▶ Exercise goal
In the answer, give the entries below exactly, from the first line through the line with "Adesivo Ps4 Skin Gta V Console E Controle", with every picture omitted.

Information Block Start

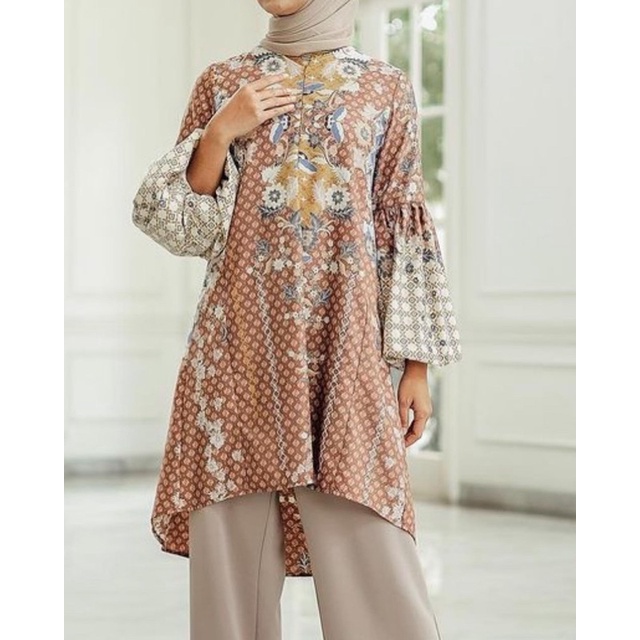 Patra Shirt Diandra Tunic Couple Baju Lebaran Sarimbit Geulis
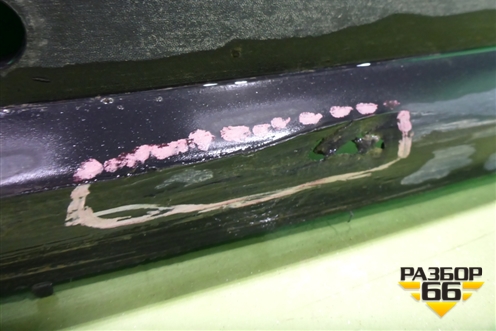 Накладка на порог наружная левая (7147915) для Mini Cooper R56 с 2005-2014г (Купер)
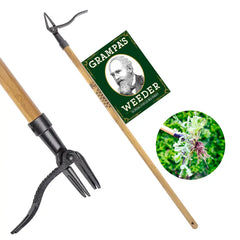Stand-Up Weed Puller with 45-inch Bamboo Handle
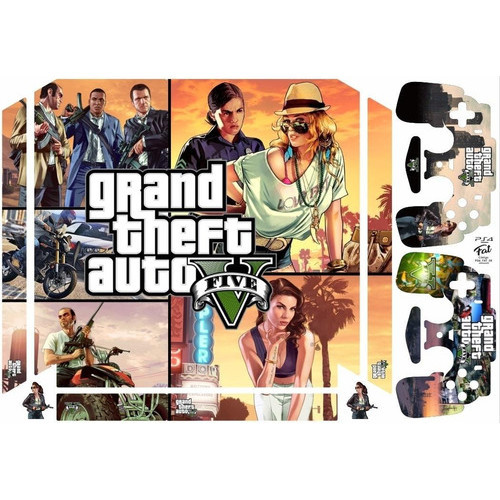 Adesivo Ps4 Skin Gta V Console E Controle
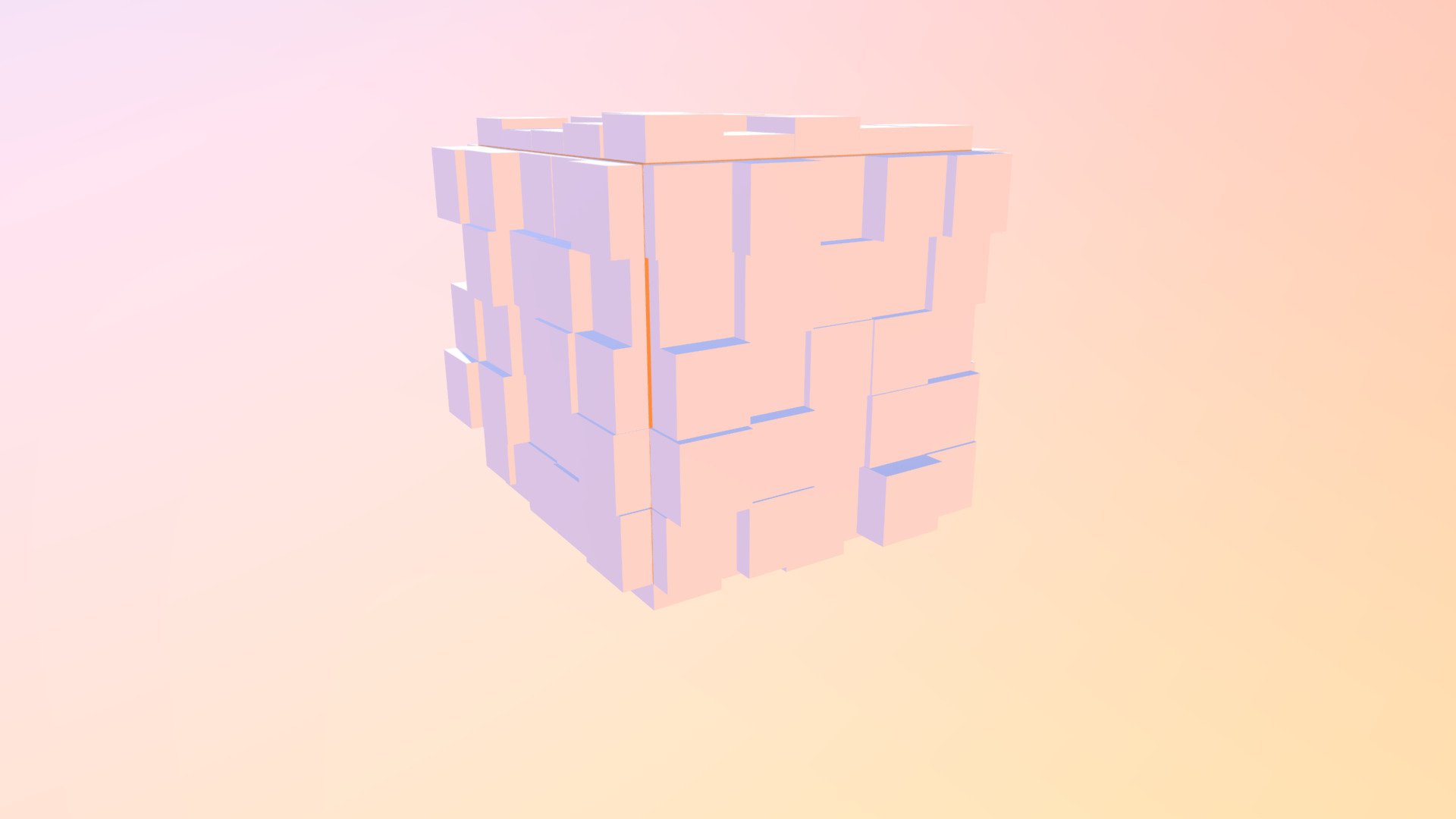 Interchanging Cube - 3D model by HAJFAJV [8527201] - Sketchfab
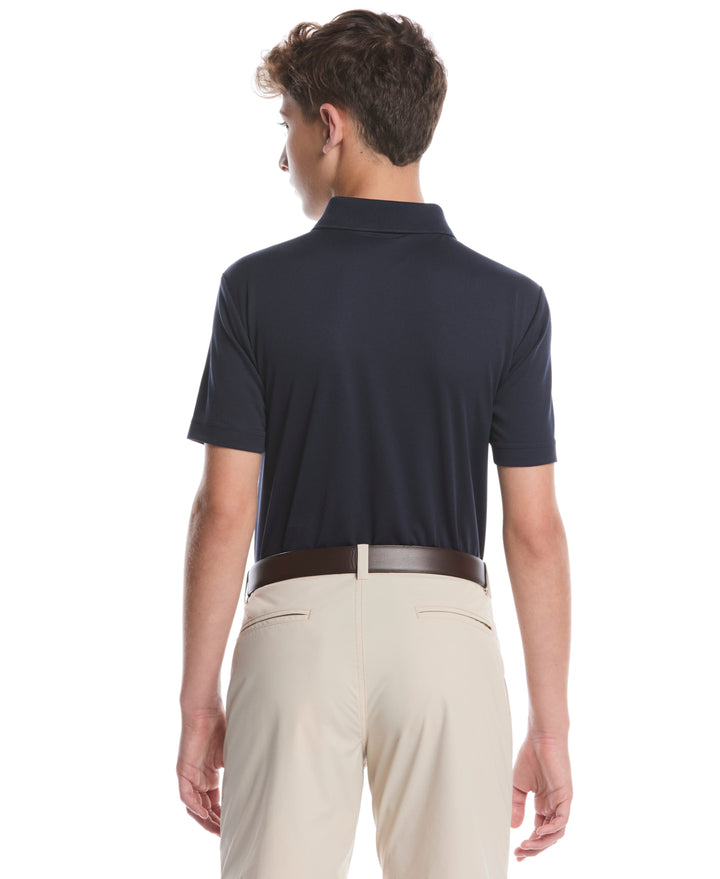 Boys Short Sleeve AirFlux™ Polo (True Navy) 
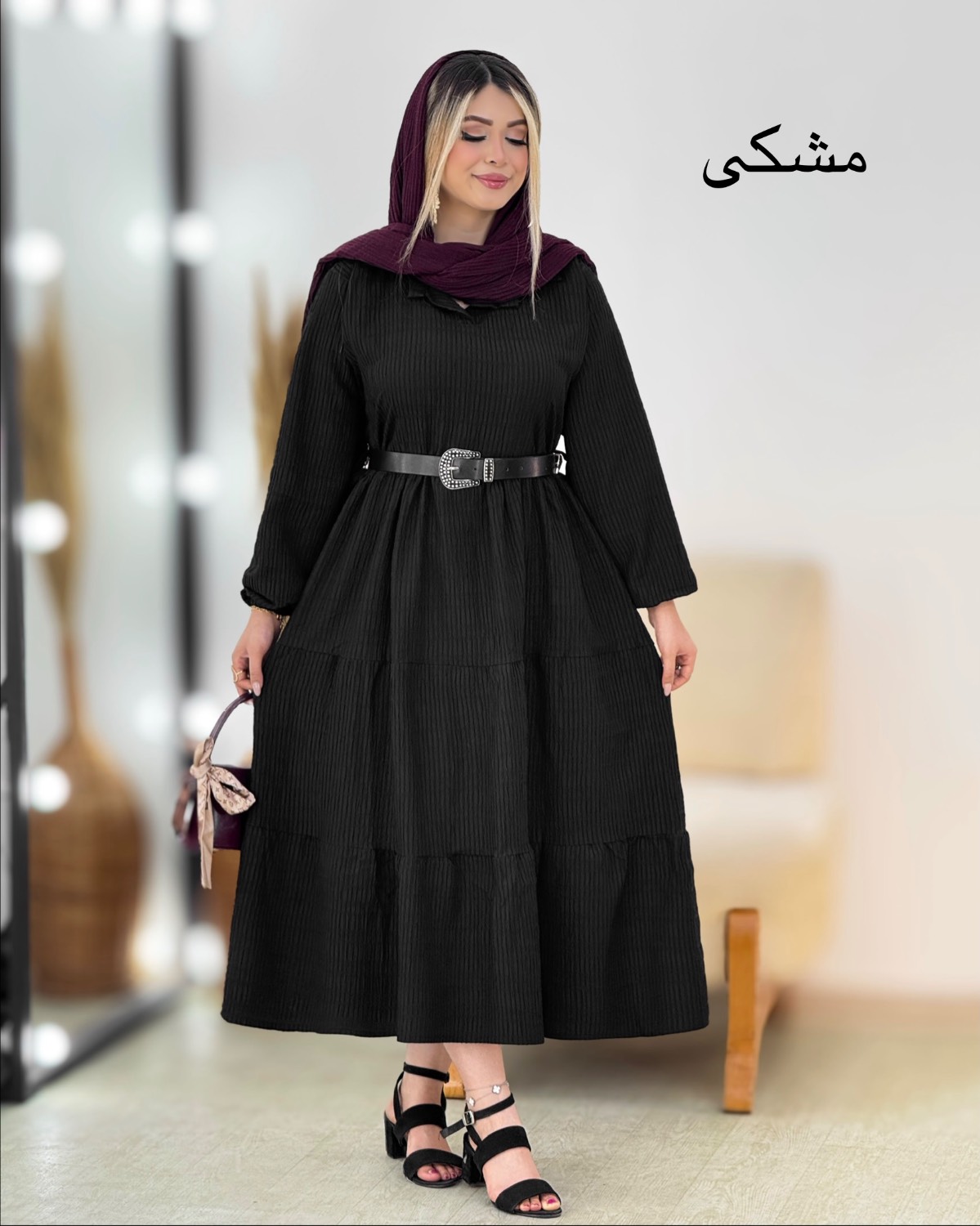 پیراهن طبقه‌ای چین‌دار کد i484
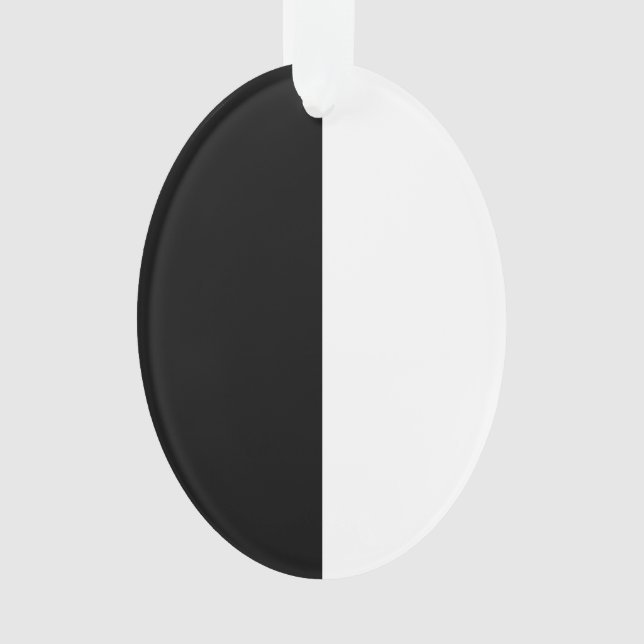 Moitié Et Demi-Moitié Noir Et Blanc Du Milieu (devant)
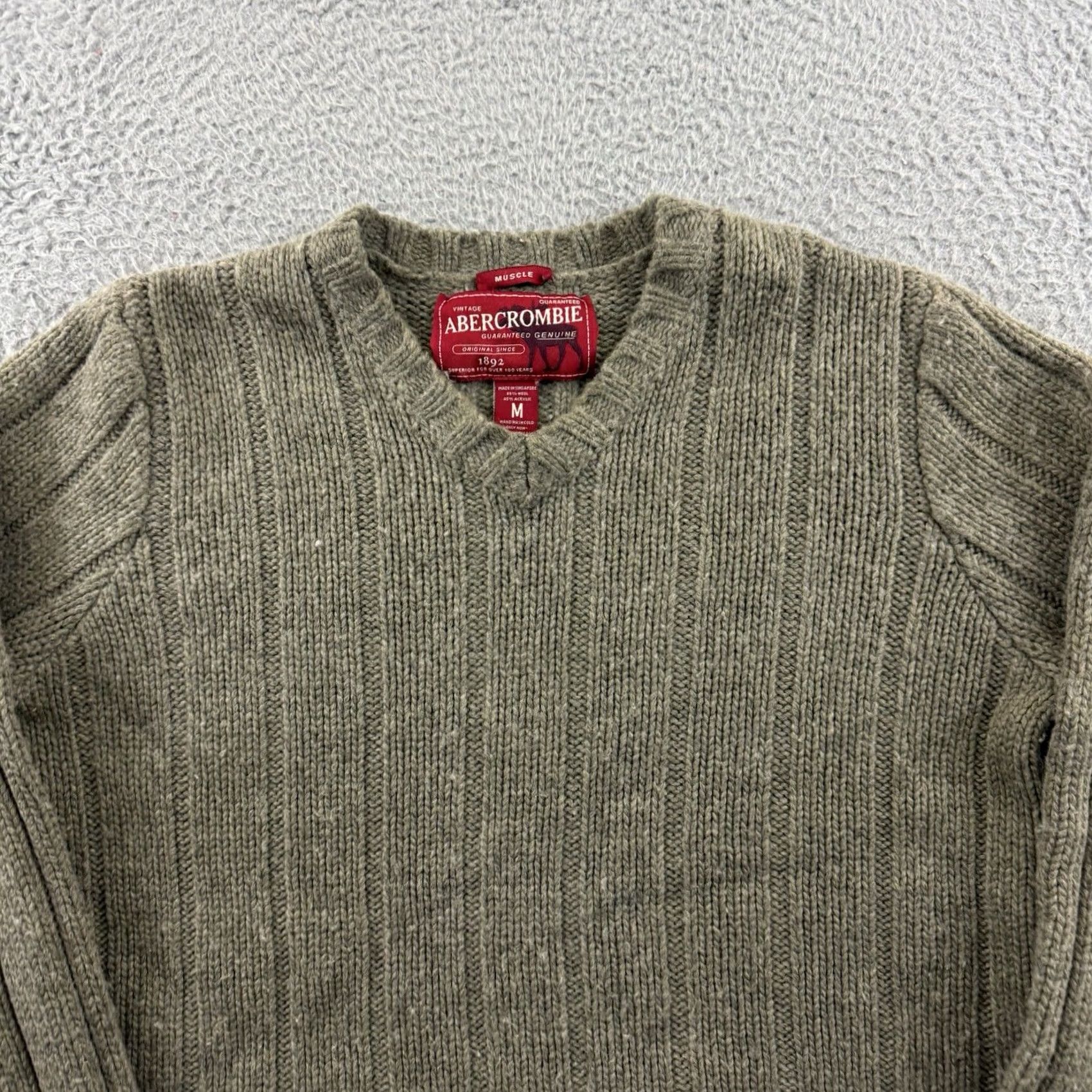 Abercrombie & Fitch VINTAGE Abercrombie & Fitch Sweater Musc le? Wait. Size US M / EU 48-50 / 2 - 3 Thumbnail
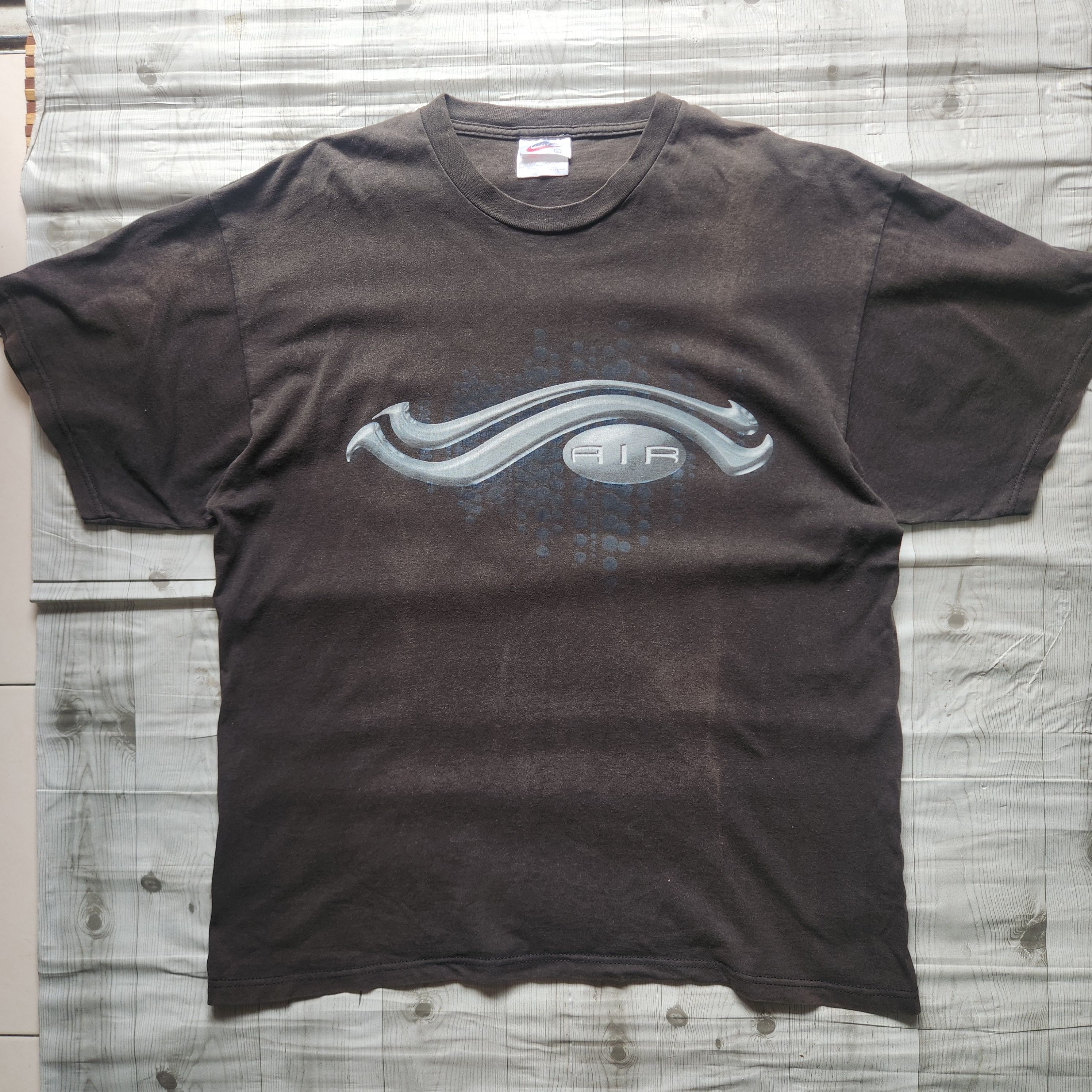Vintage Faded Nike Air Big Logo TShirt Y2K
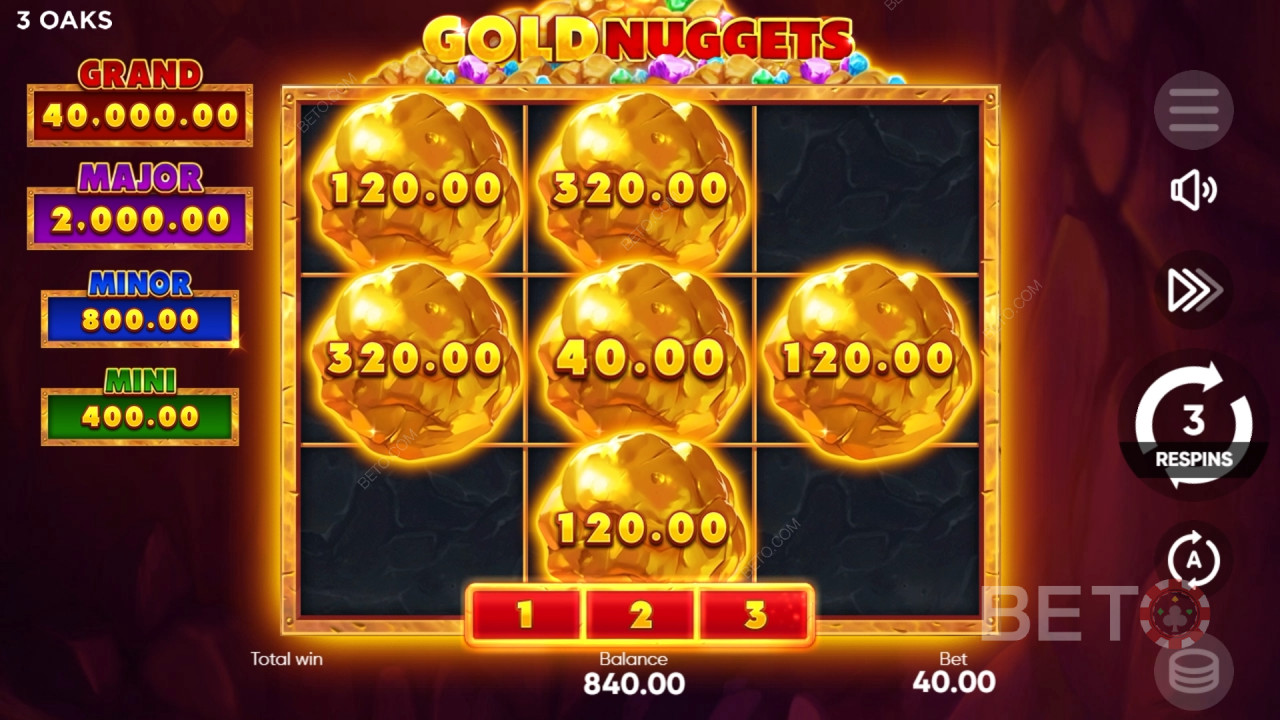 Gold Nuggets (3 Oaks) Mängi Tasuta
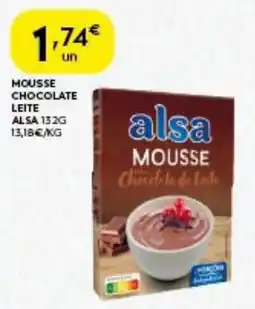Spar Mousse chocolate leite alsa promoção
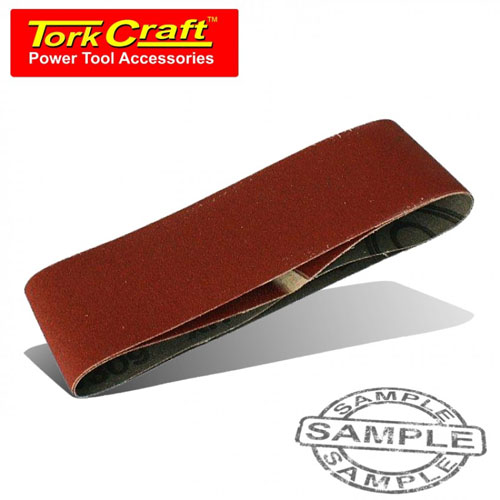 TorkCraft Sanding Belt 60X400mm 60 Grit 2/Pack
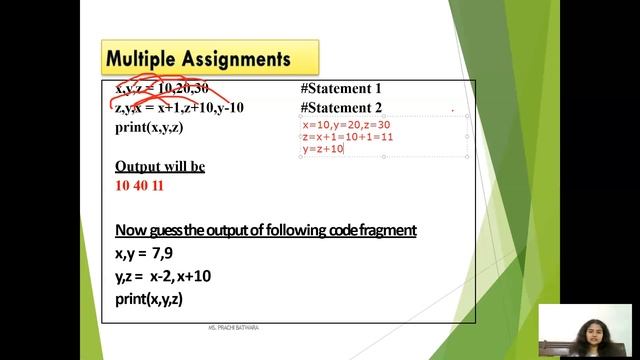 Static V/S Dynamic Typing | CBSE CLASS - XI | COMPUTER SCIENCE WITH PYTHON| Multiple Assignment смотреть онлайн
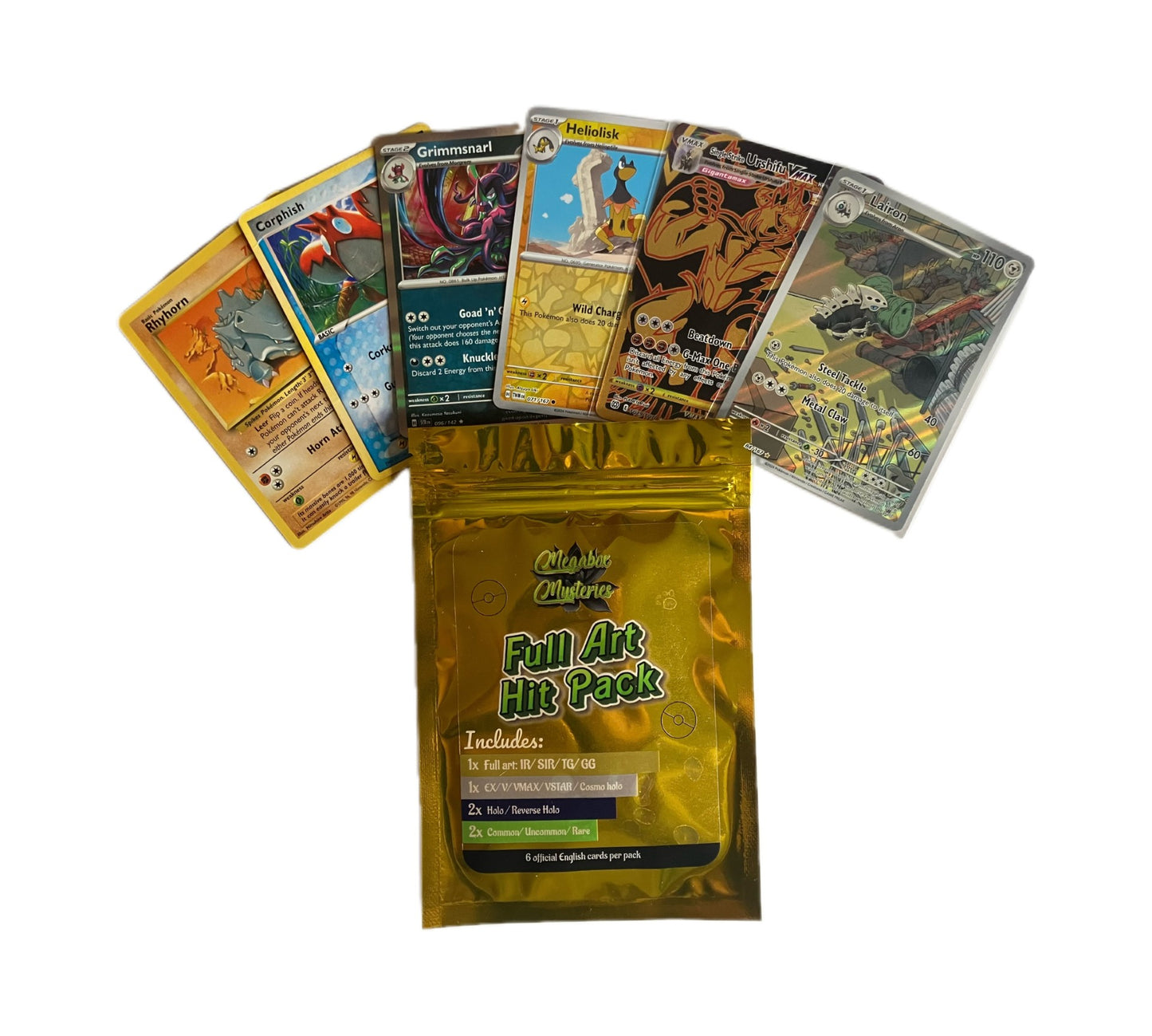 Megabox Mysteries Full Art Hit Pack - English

Information Block End

▶ Output of the exercise
 Patra Shirt Diandra Tunic Couple Baju Lebaran Sarimbit Geulis
 Накладка на порог наружная левая (7147915) для Mini Cooper R56 с 2005-2014г (Купер)
Stand-Up Weed Puller with 45-inch Bamboo Handle
 Adesivo Ps4 Skin Gta V Console E Controle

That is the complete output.